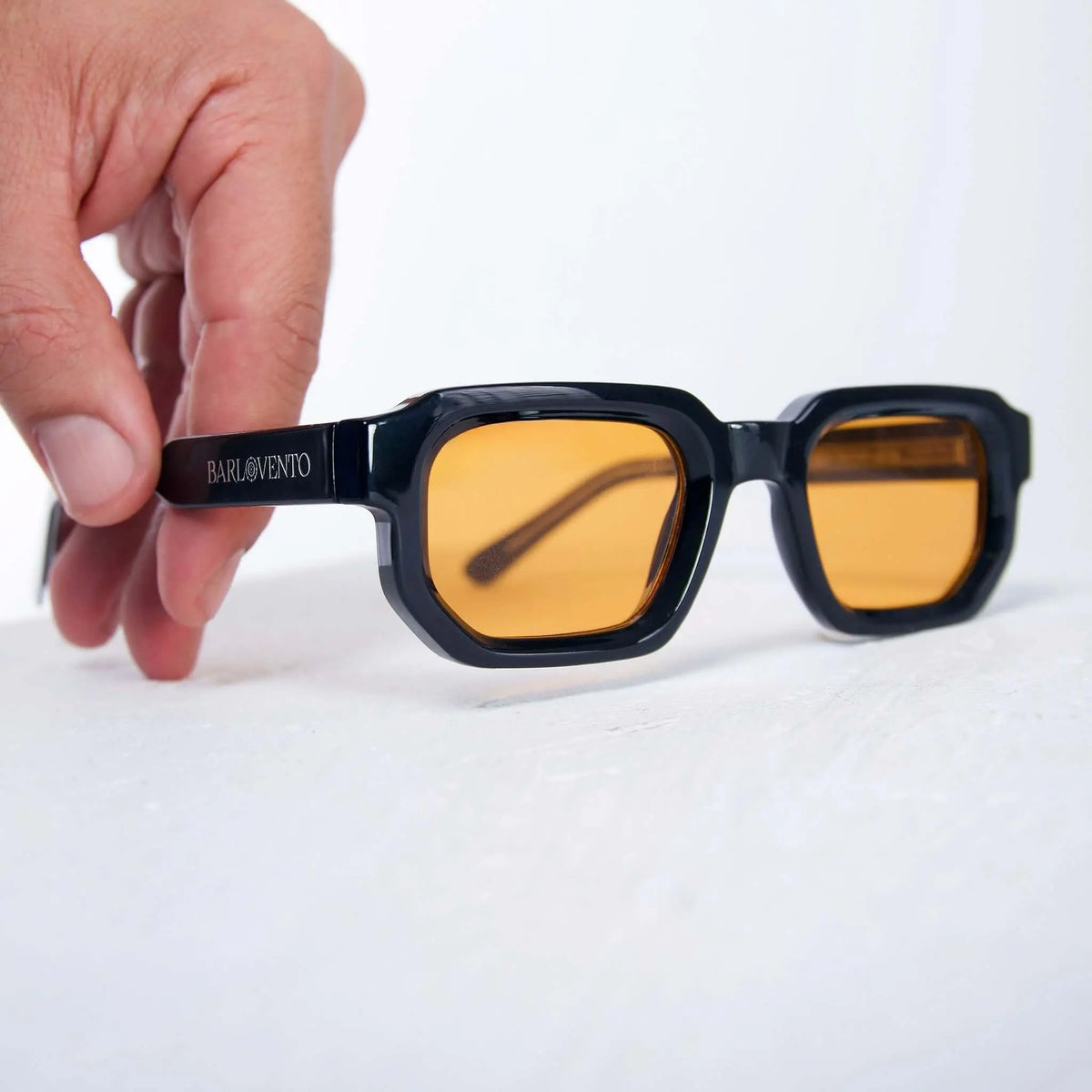 Gafas de sol rectangulares de montura negra brillante y cristales naranjas sostenidas por una mano sobre fondo blanco.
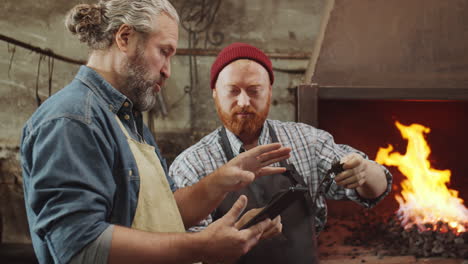 two blacksmiths discussing metal details and using tablet in smithy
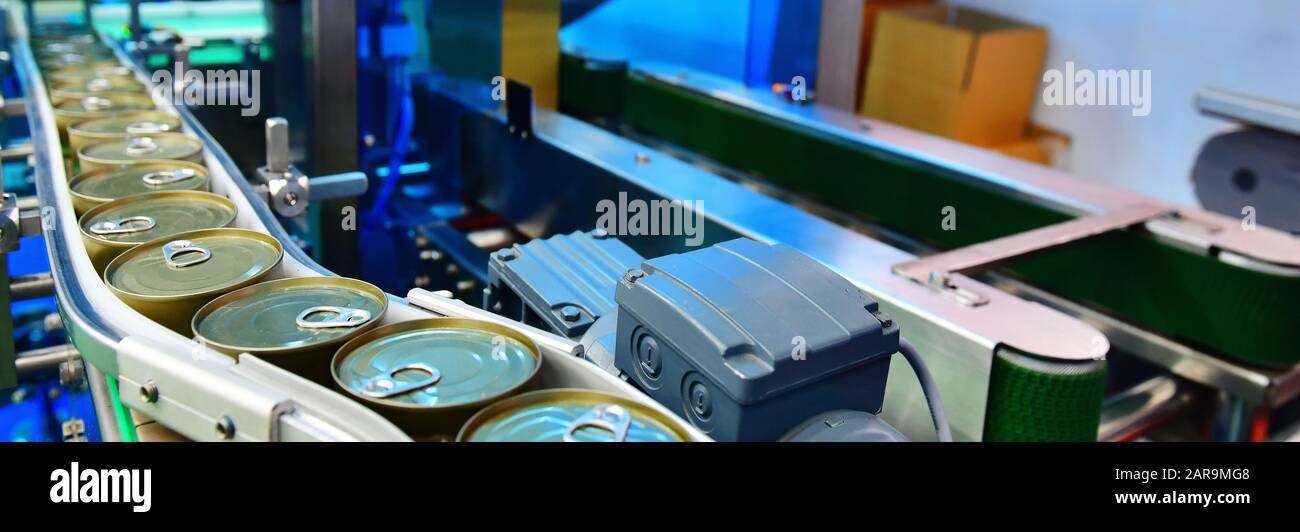 Canned food products on conveyor belt in distribution warehouse.parcels
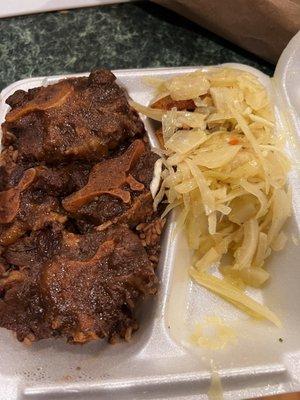 Oxtail with a side of cabbage and plantain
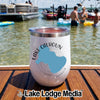 A white stemless tumbler with Lake Calhoun Georgia text and map resting on a wooden boat deck with people swimming.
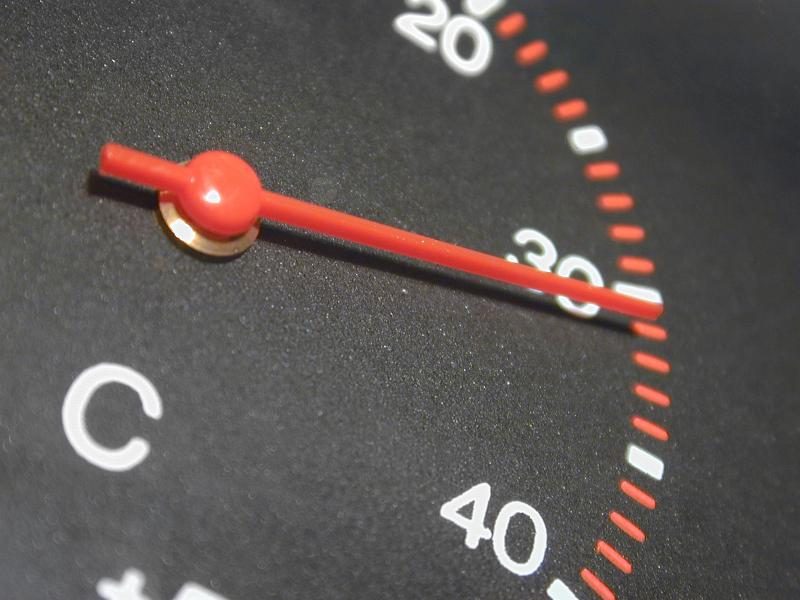Free Stock Photo: Circular temperature gauge and dial with a red needle pointing to 30 degrees Celsius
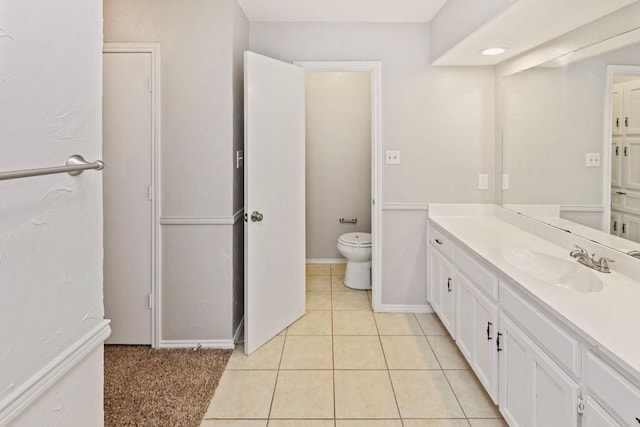 2109 Dartmouth Dr, Arlington, TX 76015 - bathroom featuring vanity, toilet, tile patterned flooring, and baseboards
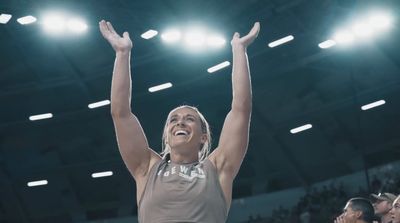 a female basketball player raising her arms in the air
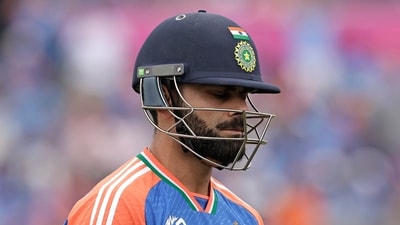 India's Virat Kohli reacts as he walks off the field after losing his wicket (PTI) India's Virat Kohli reacts as he walks off the field after losing his wicket (PTI)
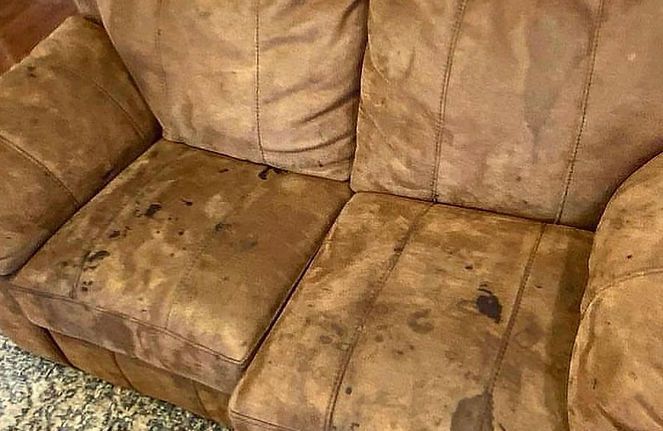 A brown leather couch with stains on it is sitting on a rug.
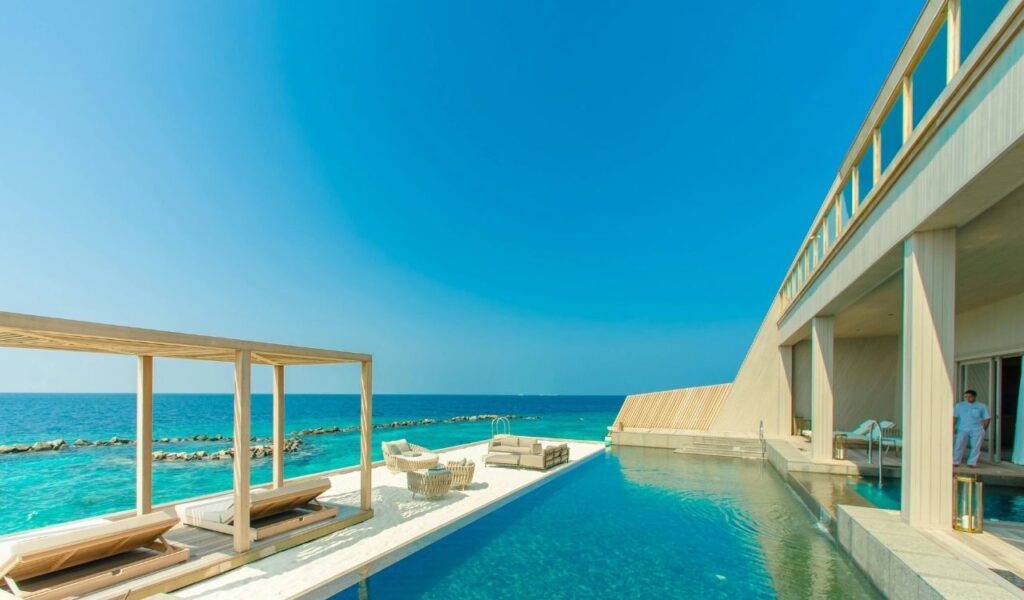 A luxury oceanfront resort features an infinity pool, shaded lounge chairs, and a clear view of turquoise waters under a bright blue sky.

※

▸ **Problem statement**:
The records, exactly as written but without images, should be returned.

▸ **Answer section**:
 Gafas de sol rectangulares de montura negra brillante y cristales naranjas sostenidas por una mano sobre fondo blanco.
 two blacksmiths discussing metal details and using tablet in smithy
 Canned food products on conveyor belt in distribution warehouse.parcels
 Oxtail with a side of cabbage and plantain
 A white stemless tumbler with Lake Calhoun Georgia text and map resting on a wooden boat deck with people swimming.
Free Stock Photo: Circular temperature gauge and dial with a red needle pointing to 30 degrees Celsius
 2109 Dartmouth Dr, Arlington, TX 76015 - bathroom featuring vanity, toilet, tile patterned flooring, and baseboards
 a female basketball player raising her arms in the air
 India's Virat Kohli reacts as he walks off the field after losing his wicket (PTI) India's Virat Kohli reacts as he walks off the field after losing his wicket (PTI)
 A brown leather couch with stains on it is sitting on a rug.
 A luxury oceanfront resort features an infinity pool, shaded lounge chairs, and a clear view of turquoise waters under a bright blue sky.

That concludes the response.